CIA Activities in Iraq - Iraq 1963

Iraq 1963

In 1963, the United States backed the Ramadan Revolution against the government of Iraq headed by Qasim, who five years earlier had deposed the Western-allied Iraqi monarchy. The plot was carried out by a coalition of Nasserists, Iraqi nationalists, Ba'athists, members of the Arab Socialist Union, and anti-Communist members of the Iraqi armed services. Of the 16 members of Qasim's cabinet, 12 of them were Ba'ath Party members; however, the party turned against Qasim due to his refusal to join Gamel Abdel Nasser's United Arab Republic.

Writing in his memoirs of the 1963 coup, long time OSS and CIA intelligence analyst Harry Rositzke presented it as an example of one on which they had good intelligence in contrast to others that caught the agency by surprise. The overthrow "was forecast in exact detail by CIA agents." "Agents in the Ba’th Party headquarters in Baghdad had for years kept Washington au courant on the party’s personnel and organization, its secret communications and sources of funds, and its penetrations of military and civilian hierarchies in several countries....CIA sources were in a perfect position to follow each step of Ba’th preparations for the Iraqi coup, which focused on making contacts with military and civilian leaders in Baghdad. The CIA’s major source, in an ideal catbird seat, reported the exact time of the coup and provided a list of the new cabinet members....To call an upcoming coup requires the CIA to have sources within the group of plotters. Yet, from a diplomatic point of view, having secret contacts with plotters implies at least unofficial complicity in the plot."

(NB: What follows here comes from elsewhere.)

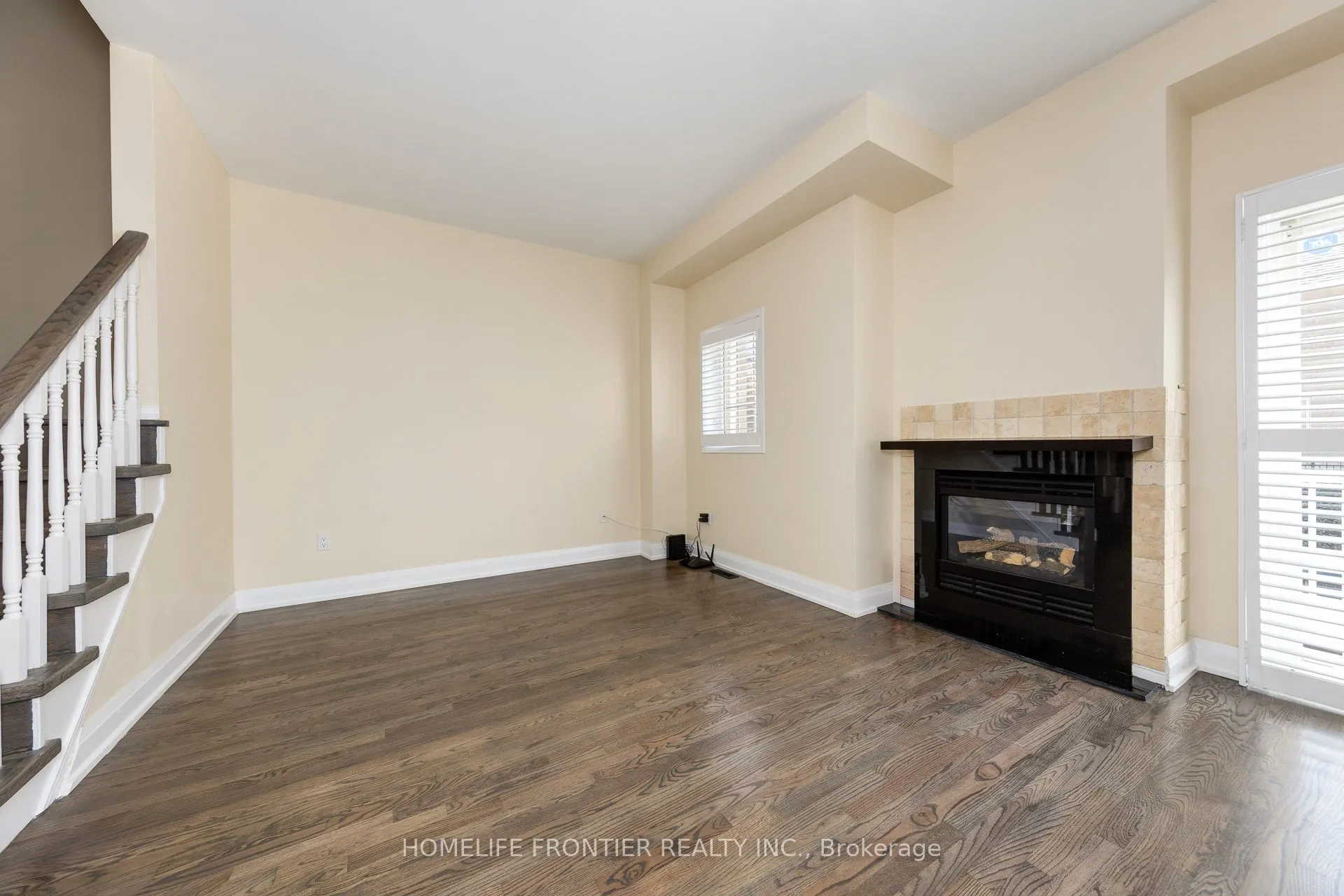 23 Observatory Lane, #289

Qasim was aware of U.S. complicity in the plot and continually denounced the U.S. in public. The Department of State was worried that Qasim would harass American diplomats in Iraq because of this.

The best direct evidence that the U.S. was complicit is the memo from NSC staff member Bob Komer to President John F. Kennedy on the night of the coup, February 8, 1963. The last paragraph reads:

"We will make informal friendly noises as soon as we can find out whom to talk with, and ought to recognize as soon as we’re sure these guys are firmly in the saddle. CIA had excellent reports on the plotting, but I doubt either they or UK should claim much credit for it.

Documents show that the CIA was well aware of many plots within Iraq throughout 1962, not just the Ba'athist one.

The new government used lists, allegedly provided by the CIA, to systematically murder unknown numbers of suspected communists.

According to former CIA Near East Division Chief James Chritchfield, the CIA took interest in the Ba'ath Party around 1961-2, and "was better informed on the 1963 coup in Baghdad than on any other major event or change of government that took place in the whole region in those years;" however, it did not "actively support" the coup. "Several months later," the Ba'ath "staged a kind of counter-coup," which led Arif to purge the party in the November 1963 Iraqi coup d'état. The CIA "did not identify a radical movement within the Ba'ath," and was "surprised" by the power struggles that followed the Ramadan Revolution. After al-Bakr and Vice President Saddam Hussein seized power in 1968, "America slowly developed, not a hostility, but enormous reservations about the ability of the Ba'ath to constructively bring Iraq along."